Distem uses homogeneous Linux clusters and achieves this emulation by controlling the heterogeneity of a given platform by degrading CPU and network of each node composing this platform.

InterCell

Intercell aims at setting up a cluster (256 PCs) for interactive fine grain computation. It is granted by the Lorraine Region (CPER 2007), and managed at the Metz campus of SUPÉLEC.

The purpose is to allow easy fine grain parallel design, providing interactive tools for the visualization and the management of the execution (debug, step by step, etc). The parallelization effort is not visible to the user, since InterCell relies on the dedicated parXXL framework, see  5.1 below. Among the applications that are tested is the interactive simulation of PDEs in physics, based on the Escapade project, see [29] .

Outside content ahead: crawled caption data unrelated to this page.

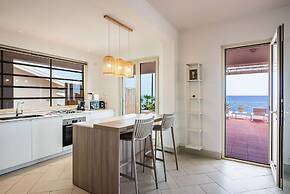 Villa Acqua Saracena by Wonderful Italy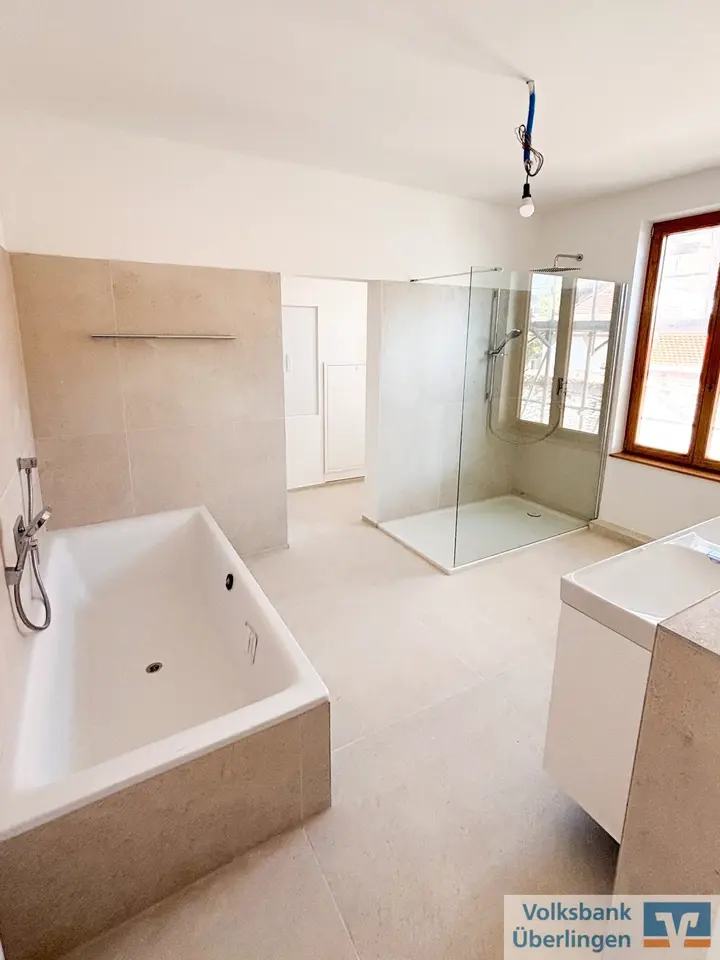 4 Zimmer Wohnung mit 150 m² in Konstanz – Bild 8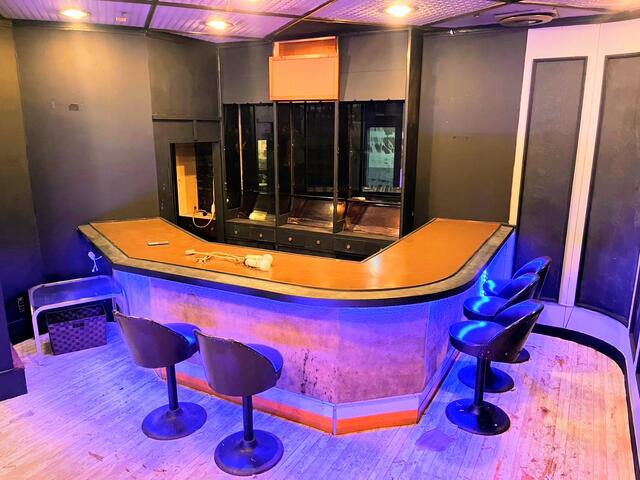 ⼩倉駅徒歩4分　6万以下です！！重飲食相談可能☆Bar居抜き物件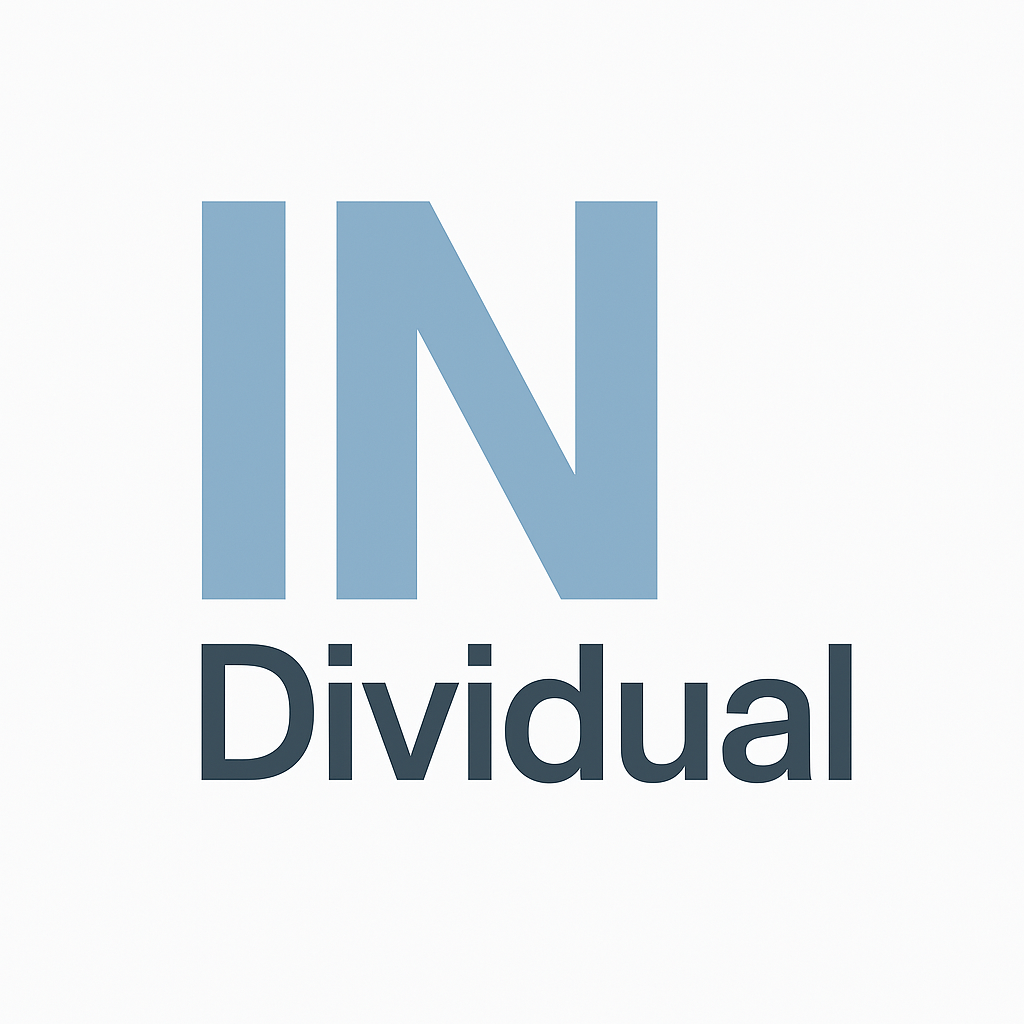 Logo INdividual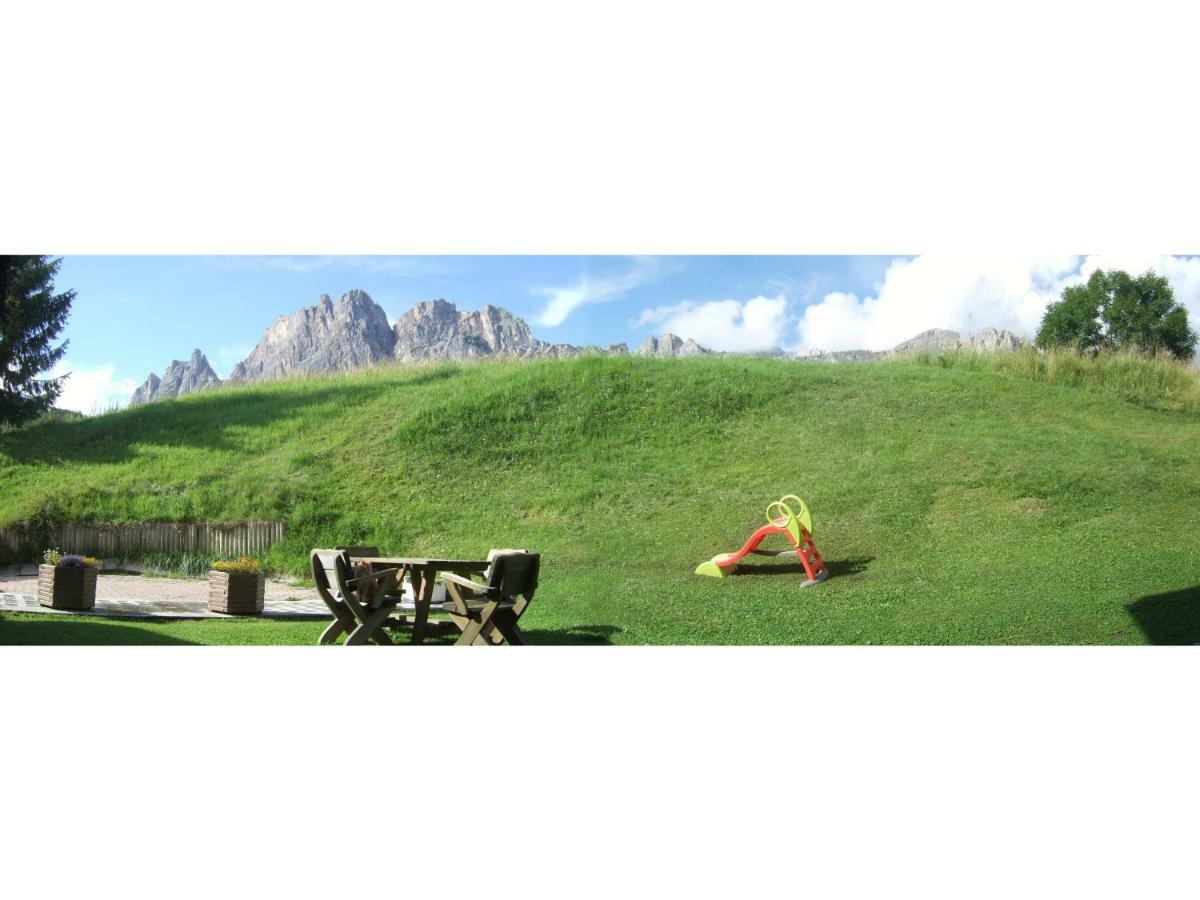 Apartamento Cristallo&faloria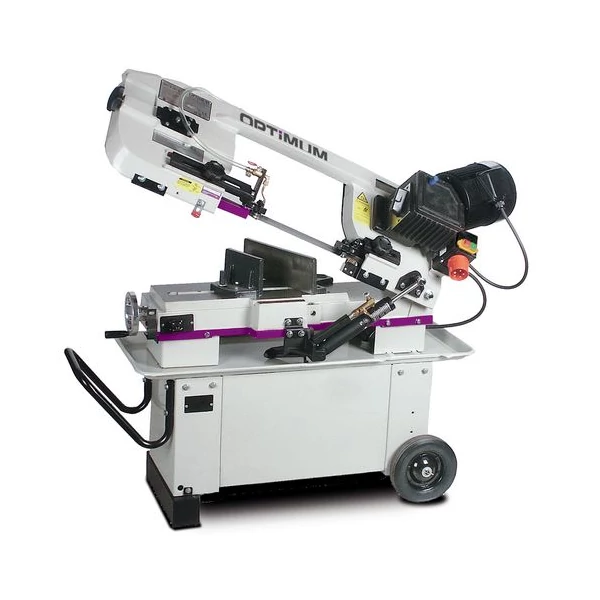 OPTIsaw S 181 G Szalagfűrészgép 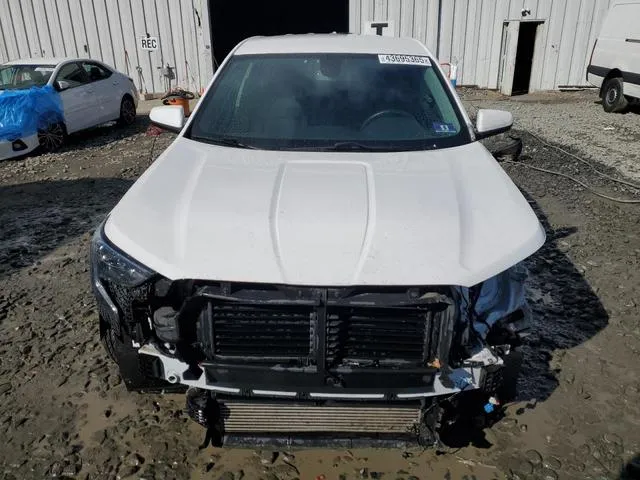 3GKALMEV4KL373494 2019 2019 GMC Terrain- Sle 5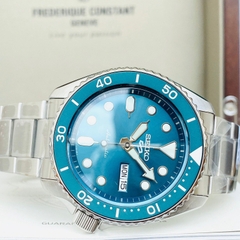 SEIKO INTERNATIONAL EDITION 5 SPORTS STYLE AUTOMATIC SRPD61K1 (SRPD61)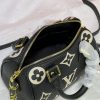 Best Replicas Bags - Replica LV Speedy Bandouliere 20 in Monogram Canvas Shop For Best Louis Vuitton LV Replica Bags With Cheap Price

Experimental platform of GPU clusters

We participate in the scientific exploitation of two experimental 16-node clusters of GPUs that are installed at the SUPÉLEC Metz site. One cluster has already GPU with "FERMI" architecture, and the second should be updated at the beginning of 2012. This platform allows the experimentation of scientific programming on GPU ("GPGPU"), and to track computing and energetic performances, with specific monitoring hardware. Development environments available on these GPU clusters are mainly the gcc suite and its OpenMP library, OpenMPI and the CUDA environment of nVIDIA's nvcc compiler.